Radio broadcasters have been receiving invoices from the Radio Music License Committee (“RMLC”), and many are asking whether the invoice is “real.” Some stations seem concerned that they are being asked to pay some fee that they really don’t owe. The truth is that this is one bill that most commercial stations in fact do owe, and it is a bill that they should actually be happy to pay. RMLC is the committee that represented radio broadcasters in the recent negotiations with ASCAP and BMI, leading to new agreements covering the royalties to be paid to these organizations through 2016. We wrote about the ASCAP agreement, here. The BMI agreement was announced recently, and we’ll try to get a summary of that agreement up on the blog sometime soon. These settlement agreements significantly reduced the amount of royalties that the radio industry as a whole pays to ASCAP and BMI for the public performance of musical compositions on over-the-air radio (and in connection with their digital uses of music as well). As part of these settlement agreements, the Court overseeing the antitrust consent decrees with ASCAP and BMI, which had to approve the settlements, approved the fees to RMLC as well.
Under the terms of the Court approval, all stations that either elected to be represented by RMLC in the negotiations (see our article on that election here), or those who elect to be covered by the settlement by signing an agreement with ASCAP and BMI under the terms that RMLC negotiated, are required to pay the fee to RMLC. The fee funds RMLC operations in the future, and pays for the cost of the litigation and negotiations that led to the settlements.
The vast majority of commercial radio stations will elect to be covered by these settlement agreements. While there were a few commercial religious broadcasters that elected to separately negotiate with ASCAP and BMI, other commercial stations either must accept the agreements or negotiate or litigate with ASCAP and BMI over the terms of the agreements on their own – a very expensive proposition. And not only would litigation be expensive, it would be hard to reach a deal that reduced royalties beyond the reduction reached by the RMLC negotiations. The RMLC deals even resulted in credits against future royalties for overpayments by broadcasters in the past – BMI’s reductions being built into the current royalty, ASCAP’s being paid as a yearly credit against future royalties (causing many recent Asset Purchase Agreements in connection with the sale of radio stations to build in a clause asking for future credits to the seller for past "prepayments" of these fees).
Broadcasters hate to pay for anything that they don’t think confers a benefit on them.
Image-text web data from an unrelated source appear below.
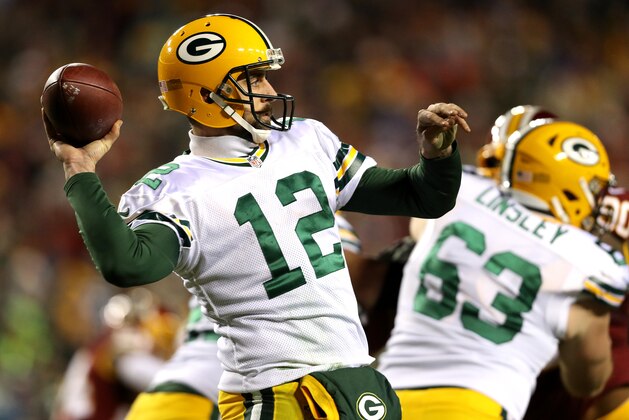 LANDOVER, MD - NOVEMBER 20: Quarterback Aaron Rodgers #12 of the Green Bay Packers passes the ball against the Washington Redskins in the third quarter at FedExField on November 20, 2016 in Landover, Maryland. (Photo by Patrick Smith/Getty Images)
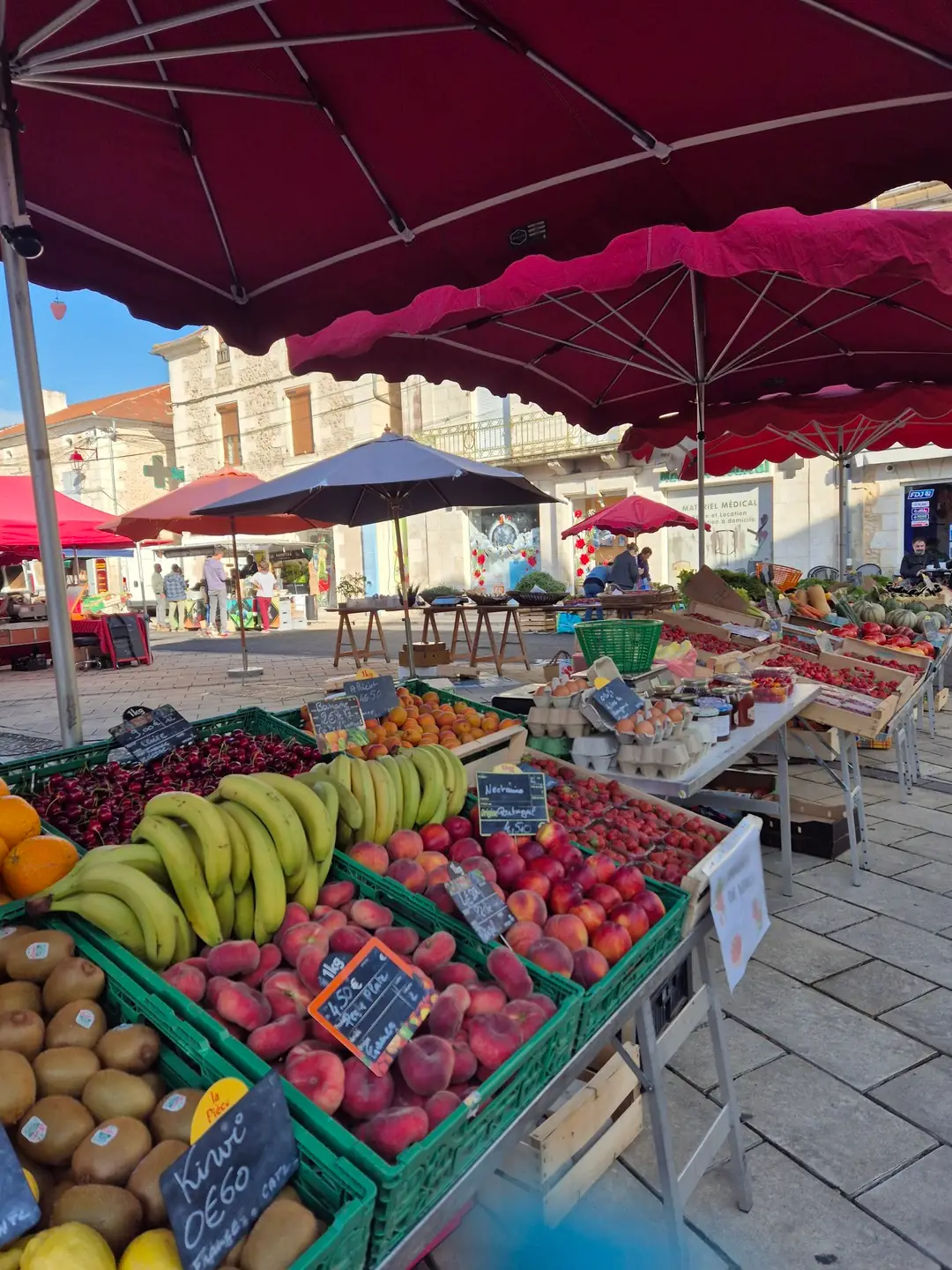 Marché hebdomadaire du vendredi à Vergt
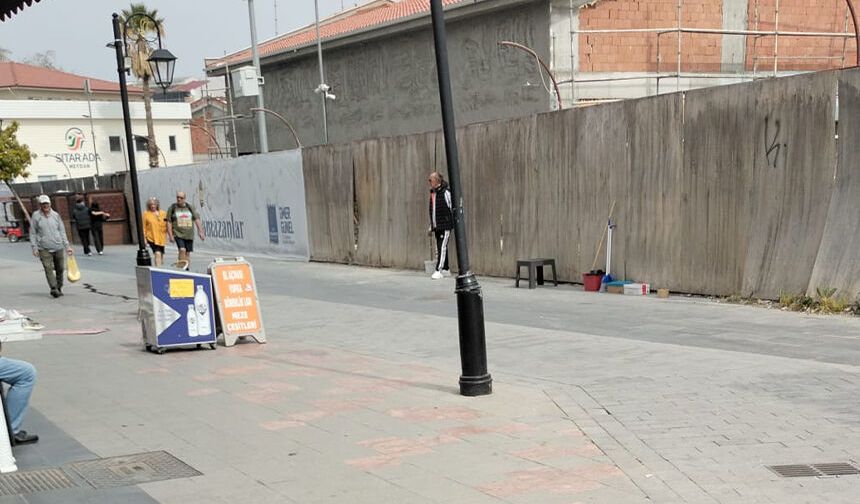 Ömer Günel’in fotoğraflarının yer aldığı brandalar kaldırıldı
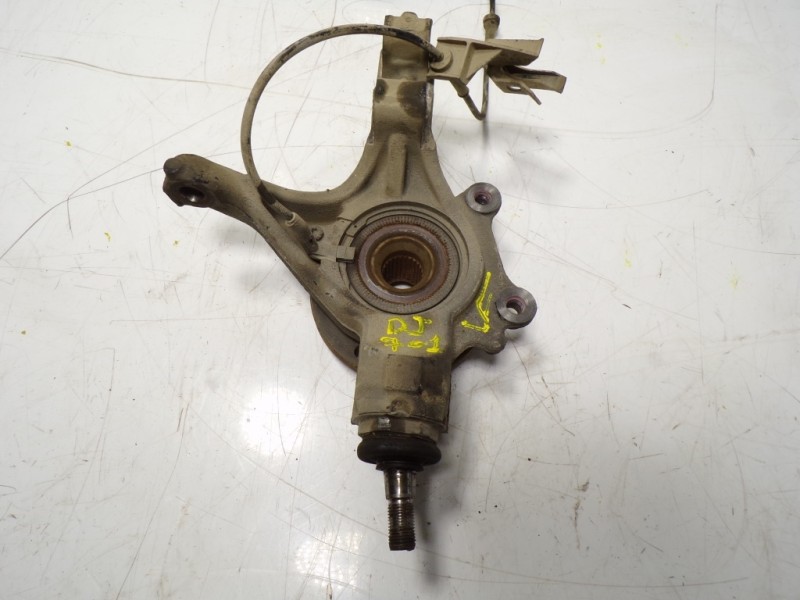 Recambio de mangueta delantera izquierda para peugeot partner tepee b9 1.6 16v hdi referencia OEM IAM 364696  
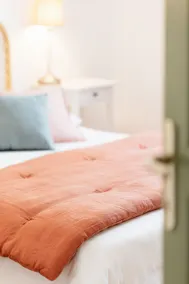 Country cottage with all the comforts of a flat - Image 4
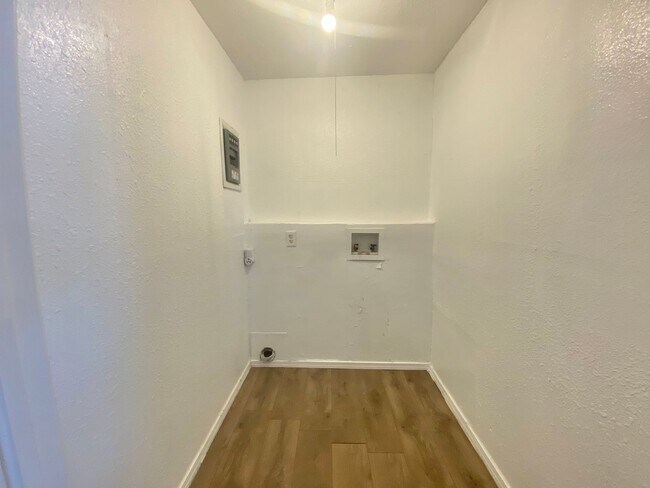 Building Photo - Coming soon 3 bed 2 bath near Clapp Park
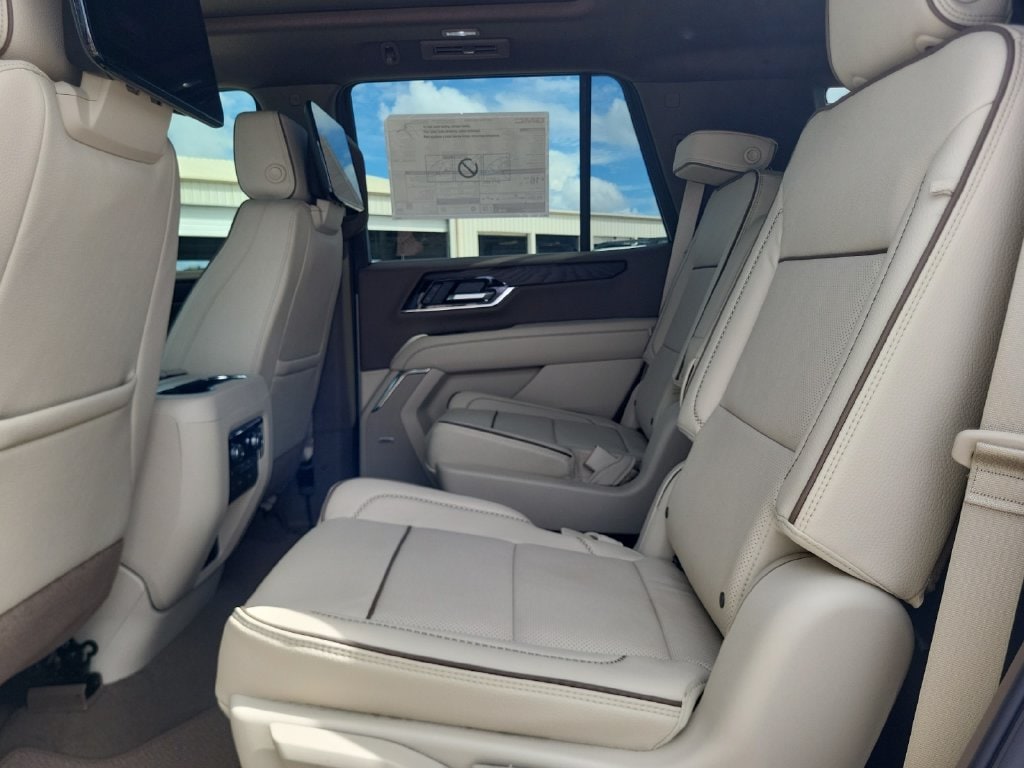 2026 GMC Yukon Denali - Photo 22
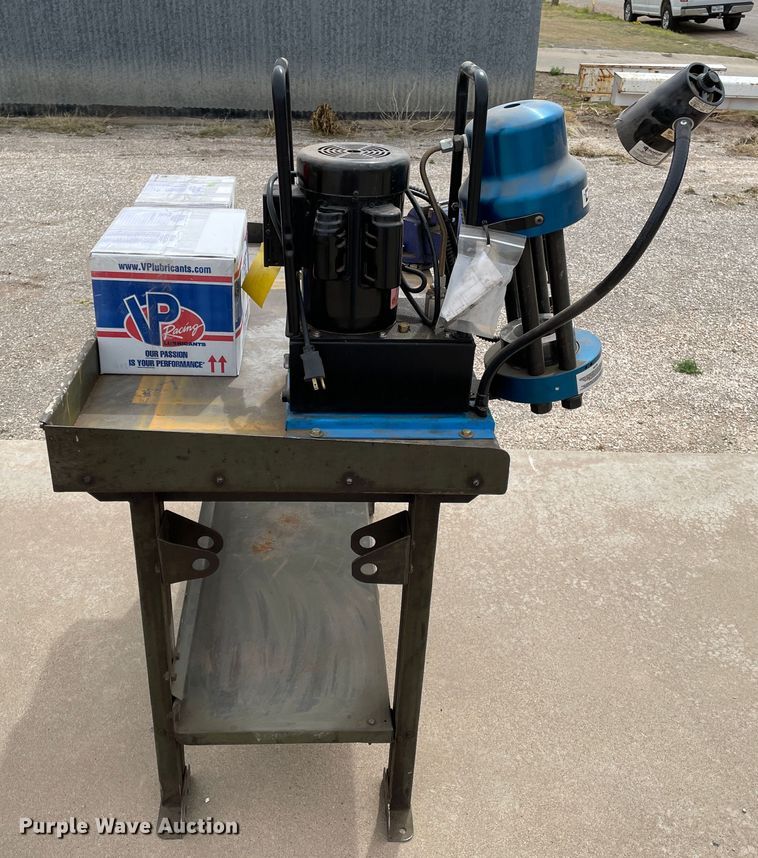 image for item JX9833 Dayco D165  hydraulic crimper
This fee, while seemingly a little obscure, indeed pays real, tangible benefits to most stations in helping to control royalty costs. Paying RMLC should not be viewed as an imposition by the vast majority of stations – as the payments provide funding for the RMLC to negotiate or litigate future royalty issues – including potentially with SESAC, which is currently not covered by any antitrust decree (see our article on SESAC here). Without guaranteed funding, the RMLC would not be as effective as it has been in rolling back the royalty fees that had been in place before the new agreements, and and it would not be as effective in fighting increases in the royalties in the future.